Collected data
[Start of Attachment]
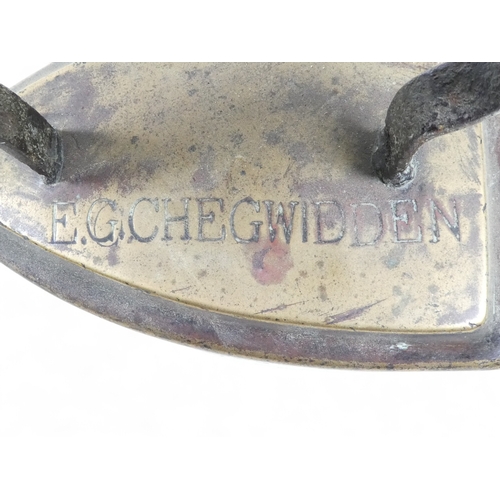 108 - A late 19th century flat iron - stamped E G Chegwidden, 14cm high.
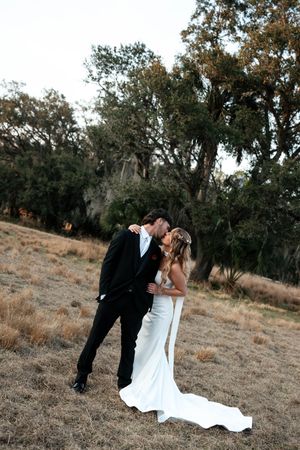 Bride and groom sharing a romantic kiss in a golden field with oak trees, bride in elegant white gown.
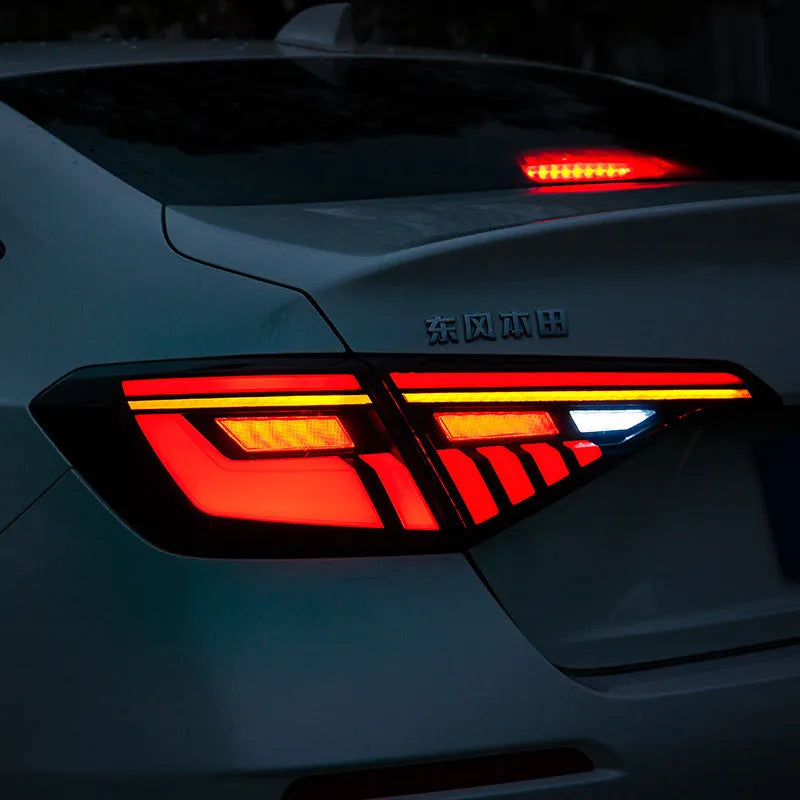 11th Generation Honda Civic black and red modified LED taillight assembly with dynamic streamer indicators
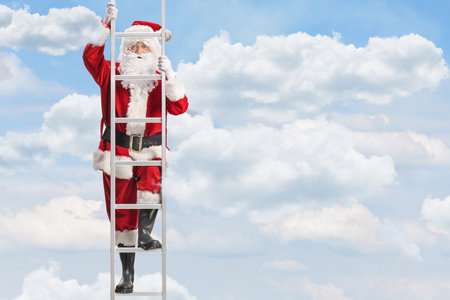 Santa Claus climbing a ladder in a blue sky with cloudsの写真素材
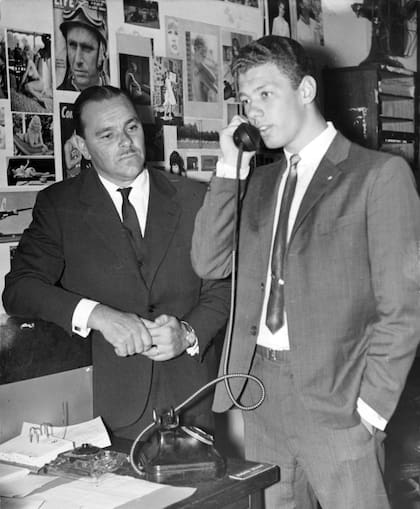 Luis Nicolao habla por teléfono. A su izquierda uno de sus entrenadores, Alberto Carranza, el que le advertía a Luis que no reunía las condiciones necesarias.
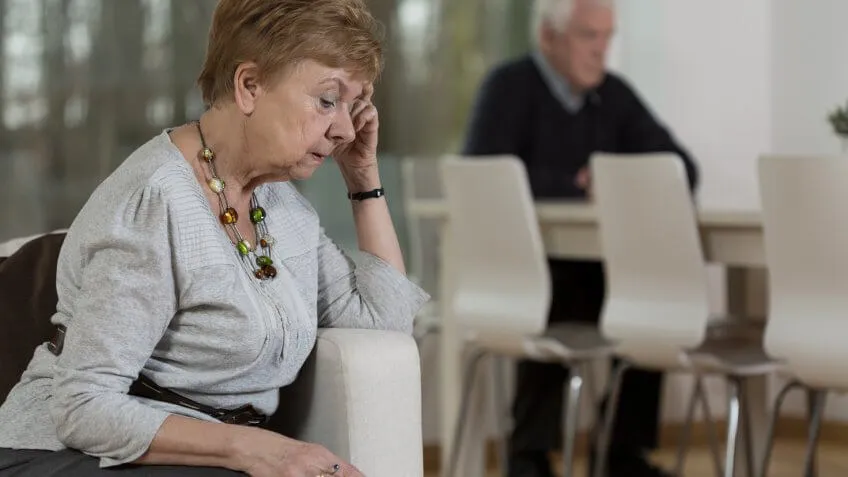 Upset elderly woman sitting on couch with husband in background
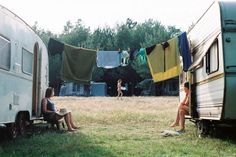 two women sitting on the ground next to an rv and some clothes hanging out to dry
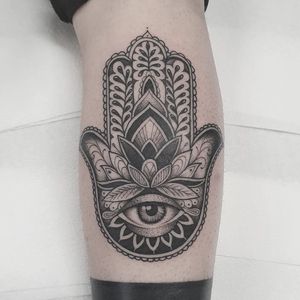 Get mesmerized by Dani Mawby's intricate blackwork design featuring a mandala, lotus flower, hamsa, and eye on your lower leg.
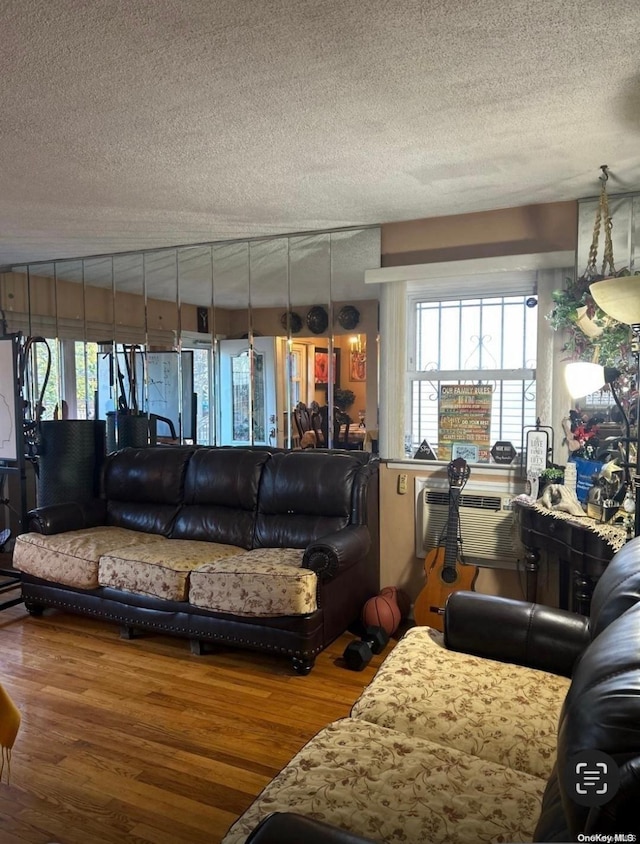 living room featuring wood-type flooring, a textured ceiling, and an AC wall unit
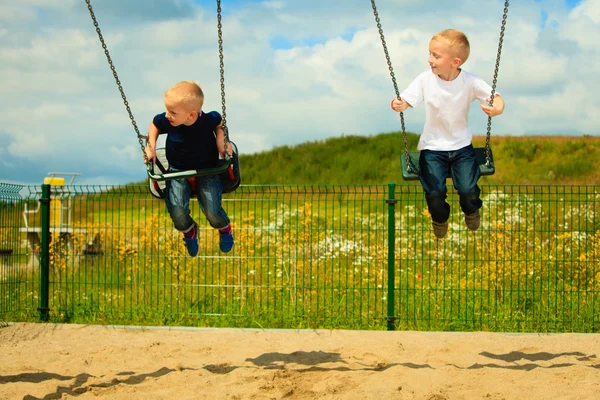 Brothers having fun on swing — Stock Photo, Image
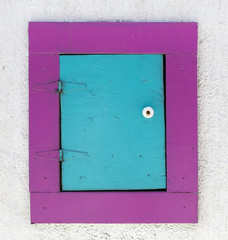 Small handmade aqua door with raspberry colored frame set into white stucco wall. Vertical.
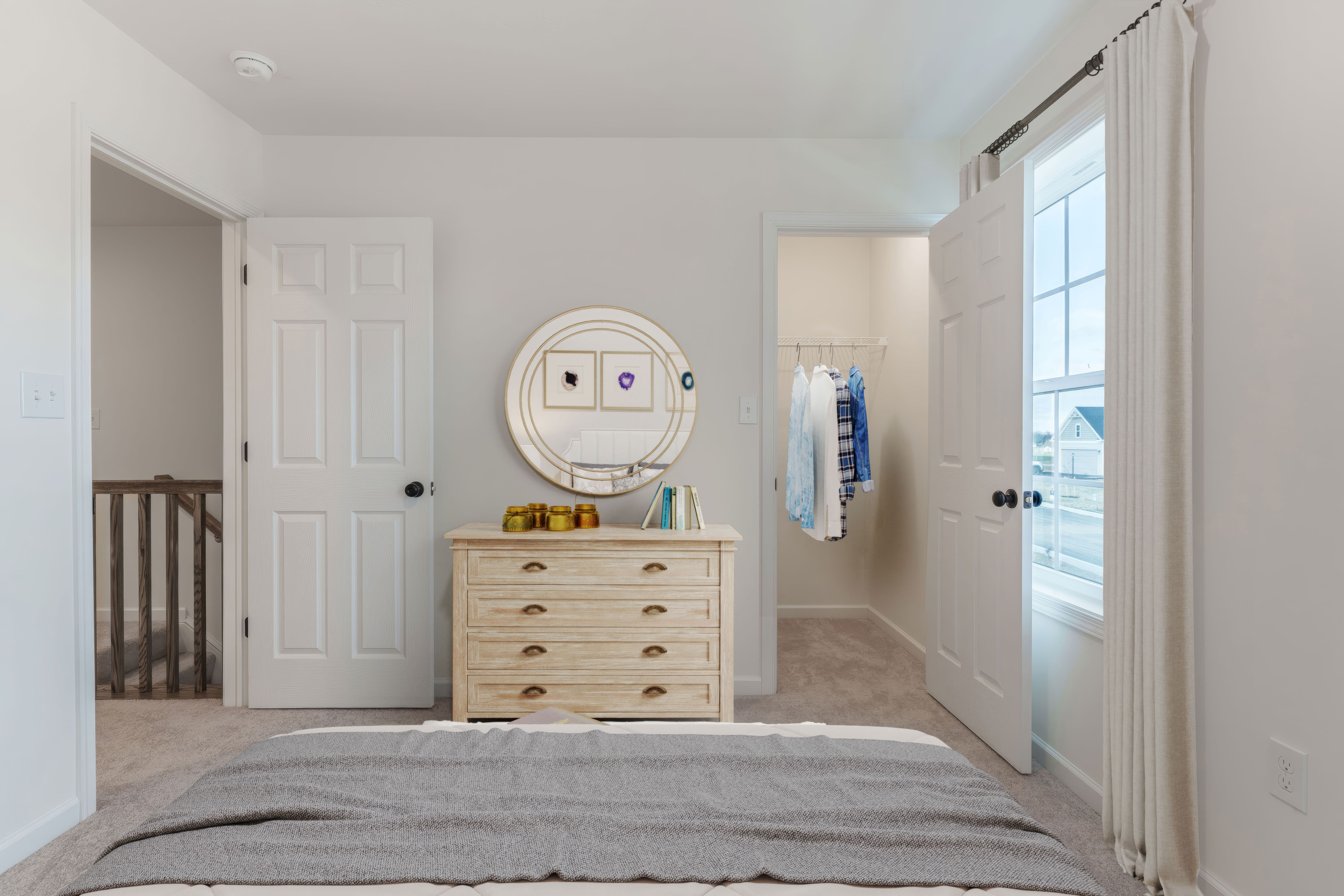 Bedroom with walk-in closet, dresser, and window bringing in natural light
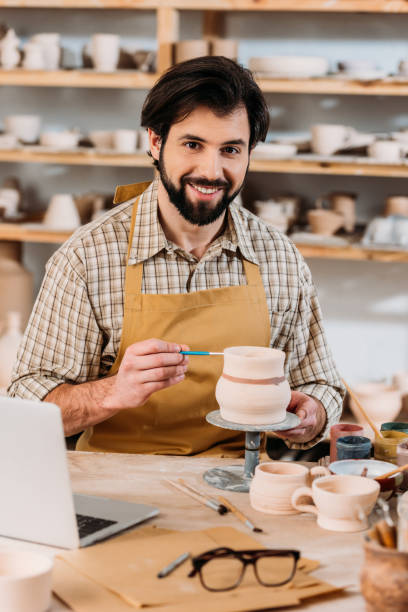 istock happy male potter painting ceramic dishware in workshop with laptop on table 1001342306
[End of Attachment]
Work instruction:
The required output is the exact lines from the opening line of the entries through the line with "11th Generation Honda", inclusive, without pictures.

Task answer:
 108 - A late 19th century flat iron - stamped E G Chegwidden, 14cm high.
 Bride and groom sharing a romantic kiss in a golden field with oak trees, bride in elegant white gown.
 11th Generation Honda Civic black and red modified LED taillight assembly with dynamic streamer indicators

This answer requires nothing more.